Sectarianism

These graves on the scene of a Western Front battle of a year ago are in the charge of the Imperial War Graves Commission. They show how well the work of tending the graves is already in hand. - Otago Witness, 6.3.1918.
These graves on the scene of a Western Front battle of a year ago are in the charge of the Imperial War Graves Commission. They show how well the work of tending the graves is already in hand. - Otago Witness, 6.3.1918.
Speaking last evening at the Methodist Conference, the retiring president (the Rev. W. A. Sinclair) touched briefly upon the question of sectarianism as it has manifested itself of late.

''We desire,'' he said, ''to live at peace with all men and to remain, as we have ever claimed to be, the friends of all, the enemies of none. We have no wish to these days of sorrow and strain and crisis to provoke bitter sectarian strife. But a militant Romanism must be met with a militant Protestanism.

There is an urgent need in the dominion for a federation of the Protestant forces, but that federation must be built up, not by attacking what may appear to us to be the errors and abuses of another church, but by the assertion of those great political and religious principles which lie at the foundation of our Protestanism.''

Troopship secrecy

Officials at the local Defence Headquarters complain that a great deal of inconvenience and annoyance is caused by a section of the public who is either unaware of the regulations enforcing secrecy about the movements of troopships or intends to defeat these regulations as far as possible.

The office is sometimes bombarded with questions as to the movements of ships about which it is bound to say nothing, and the questioner generally assumes a very aggrieved air when told that the regulations cannot be broken for his special benefit.

Perhaps it would be more correct to say ''her'' special benefit, for we learn that women are the worst offenders in the matter of seeking to obtain unauthorised information.

Prison honours system

Some of the prison reforms that have been affected in New Zealand were referred to by the Minister of Justice (the Hon. T. M. Wilford) when replying to a deputation at Napier (the Hawke's Bay Tribune reports). We have a prison at Waikeria, he said, working on the honours system. Every morning five men start out with three-horse teams roadmaking. They take their billy and lunch, and they are away from the time they leave camp until they return with their teams. They go two miles from the prison, and if they do their work fairly they get so many good conduct marks. Twelve marks is a day off their sentence.

Earthquake tides

A strange phenomenon in connection with last week's earthquake was recorded at Togaporutu, a coastal town north of New Plymouth. According to a correspondent of the Daily News the tremor in that district was very severe, and a strange occurrence was noted at the wharf.

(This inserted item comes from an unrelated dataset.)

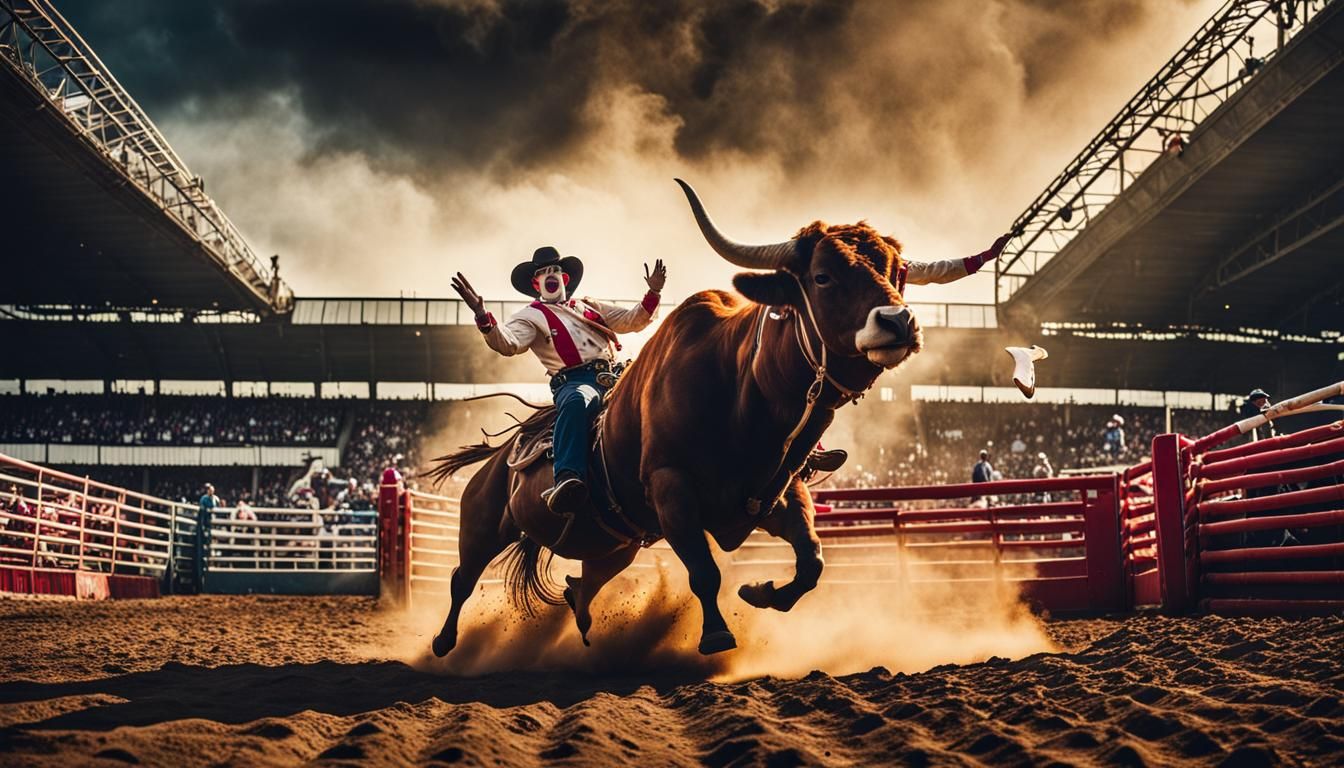 rodeo clown dodging the bull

The incoming tide ceased and there was dead water. As the tide was due at full about 4 a.m. the correspondent stayed to make observations. For the next two hours the tide did not make, but remained at the one level for nearly the whole of that time, when it commenced to recede.

Taking particular measurements at the wharf, he states the tide was from 12 to 15 inches lower than at ordinary tides.

Cheap horses

''Horses are so cheap this year that we have been offered the use of them for nothing, if we would feed them,'' said a witness at the Defence Expenditure Commission at Palmerston North on Saturday.

- ODT, 1.3.1918.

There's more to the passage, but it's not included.